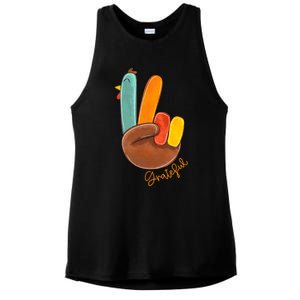 Peace Love Turkey Grateful Turkey Hand Sign Thanksgiving Gift Ladies PosiCharge Tri-Blend Wicking Tank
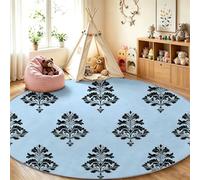 Generisch Tappeto rotondo per camera da letto, 150 cm, stile barocco, blu, morbido, senza pelucchi, per camera dei bambini, sala giochi, antiscivolo e lavabile, pratico tappeto, motivo damascato Totem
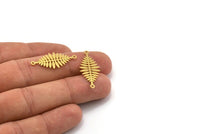 Brass Leaf Charm, 12 Raw Brass Acacia Leaf Charms With 2 Loops, Findings, Bracelet Parts, Connectors (29x13x0.60mm) A4780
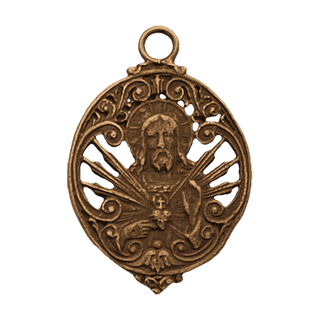 Vintage Bronze Openwork Sacred Heart Medal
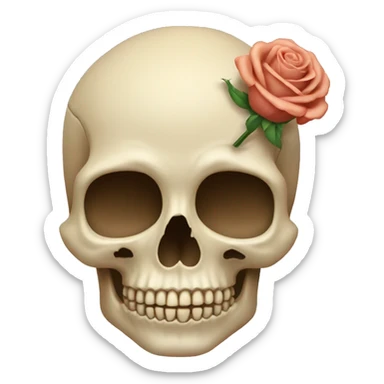 beige skull with rose sticker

Requirement
Would you transcribe all of the entries above exactly, minus the images?

Output
 Peace Love Turkey Grateful Turkey Hand Sign Thanksgiving Gift Ladies PosiCharge Tri-Blend Wicking Tank
 Generisch Tappeto rotondo per camera da letto, 150 cm, stile barocco, blu, morbido, senza pelucchi, per camera dei bambini, sala giochi, antiscivolo e lavabile, pratico tappeto, motivo damascato Totem
 Brass Leaf Charm, 12 Raw Brass Acacia Leaf Charms With 2 Loops, Findings, Bracelet Parts, Connectors (29x13x0.60mm) A4780
 Vintage Bronze Openwork Sacred Heart Medal
 beige skull with rose sticker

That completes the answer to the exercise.